RNA modifications are crucial for the proper function of the RNAs. The sites of pseudouridines are often specified by dual hairpin guide RNAs, with one or both hairpins identifying a target uridine. In this issue of Genes & Development, Jády and colleagues (pp. 70-83) identify a novel mechanism by which a single guide RNA hairpin can specify two uridines adjacent to each other or separated by 1 nt; i.e., one for two or guide RNA acrobatics.

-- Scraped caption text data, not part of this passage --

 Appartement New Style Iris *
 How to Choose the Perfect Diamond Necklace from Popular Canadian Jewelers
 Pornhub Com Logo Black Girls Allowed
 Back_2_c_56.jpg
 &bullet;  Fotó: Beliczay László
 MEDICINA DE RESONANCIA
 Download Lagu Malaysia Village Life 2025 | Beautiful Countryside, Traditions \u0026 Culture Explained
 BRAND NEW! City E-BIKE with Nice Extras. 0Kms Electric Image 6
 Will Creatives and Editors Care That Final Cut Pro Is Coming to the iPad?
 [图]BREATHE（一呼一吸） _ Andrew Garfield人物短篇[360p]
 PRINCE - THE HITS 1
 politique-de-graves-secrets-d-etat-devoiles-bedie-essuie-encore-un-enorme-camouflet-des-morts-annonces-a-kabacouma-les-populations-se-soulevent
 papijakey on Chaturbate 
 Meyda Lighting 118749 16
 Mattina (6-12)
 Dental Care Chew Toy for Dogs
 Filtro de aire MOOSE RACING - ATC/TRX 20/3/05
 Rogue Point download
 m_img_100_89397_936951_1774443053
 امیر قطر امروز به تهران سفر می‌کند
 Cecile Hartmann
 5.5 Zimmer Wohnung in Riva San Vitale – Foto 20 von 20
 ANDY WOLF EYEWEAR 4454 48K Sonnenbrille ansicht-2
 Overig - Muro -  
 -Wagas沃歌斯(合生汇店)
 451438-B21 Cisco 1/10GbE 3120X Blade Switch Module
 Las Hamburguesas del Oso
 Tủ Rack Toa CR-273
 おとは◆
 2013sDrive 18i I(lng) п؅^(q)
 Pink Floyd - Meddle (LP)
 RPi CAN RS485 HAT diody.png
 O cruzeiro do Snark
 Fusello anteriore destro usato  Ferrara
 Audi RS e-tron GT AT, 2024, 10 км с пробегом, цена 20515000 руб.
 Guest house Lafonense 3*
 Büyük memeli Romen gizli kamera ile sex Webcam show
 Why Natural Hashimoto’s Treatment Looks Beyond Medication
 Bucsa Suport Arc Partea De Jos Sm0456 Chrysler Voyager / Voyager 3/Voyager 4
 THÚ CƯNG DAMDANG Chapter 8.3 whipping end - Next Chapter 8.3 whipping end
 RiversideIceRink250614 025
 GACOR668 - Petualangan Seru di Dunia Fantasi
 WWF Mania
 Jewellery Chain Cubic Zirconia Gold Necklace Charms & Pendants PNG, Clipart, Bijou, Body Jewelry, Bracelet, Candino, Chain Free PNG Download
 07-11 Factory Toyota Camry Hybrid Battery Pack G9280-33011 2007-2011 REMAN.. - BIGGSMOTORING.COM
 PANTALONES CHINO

Pseudouridine (Ψ) is so abundant that 65 years ago it was identified in RNA as a “fifth” nucleotide (Davis and Allen 1957). Now, it has become a household name through the COVID-19 pandemic, as its N1-methyl derivative forms an important basis of the current mRNA vaccines. Perhaps lesser known is that even the SARS-CoV-2 RNA itself contains Ψs (Fleming et al. 2021). Ψ is most famous for its presence in the highly abundant tRNAs, ribosomal RNAs (rRNAs), and spliceosomal small nuclear RNAs (snRNAs). Ψ is critical for fine-tuning the function of these stable RNAs. The ∼130 Ψs in human snRNAs and rRNAs are formed by H/ACA RNA protein complexes (H/ACA RNPs) in a process called pseudouridylation (Fig. 1A). These RNPs consist of one H/ACA guide RNA with a 5′ and 3′ hairpin (Fig. 1B), each stabilized by the same four core proteins: the pseudouridine synthase NAP57 (also known as dyskerin), NOP10, NHP2, and GAR1 (for review, see Kiss et al. 2010). The hairpins harbor a central pseudouridylation pocket that identifies a target uridine (U) in rRNA or snRNA by site-directed base pairing (Fig. 1B, blue). Hybridization to either side of the substrate U and an unpaired nucleotide (N) positions them underneath the distal stem of the hairpin (Fig. 1B, NΨ and shaded gray, respectively). Arranged in this manner, the enzyme NAP57 of that hairpin isomerizes the substrate U to Ψ by rotating its base 180° and reattaching it as 5-ribosyluracil (Fig. 1A). Normally, a single pseudouridylation pocket guides the formation of a single U to Ψ. In this issue of Genes & Development, Jády et al. (2022) document for the first time the capacity for pseudouridylation of two consecutive Us (or removed by 1 nt) by a single pocket. This is made possible through contortions of the guide loop and distal stem of one of the H/ACA RNA hairpins, here termed “guide RNA acrobatics” (Fig. 1C).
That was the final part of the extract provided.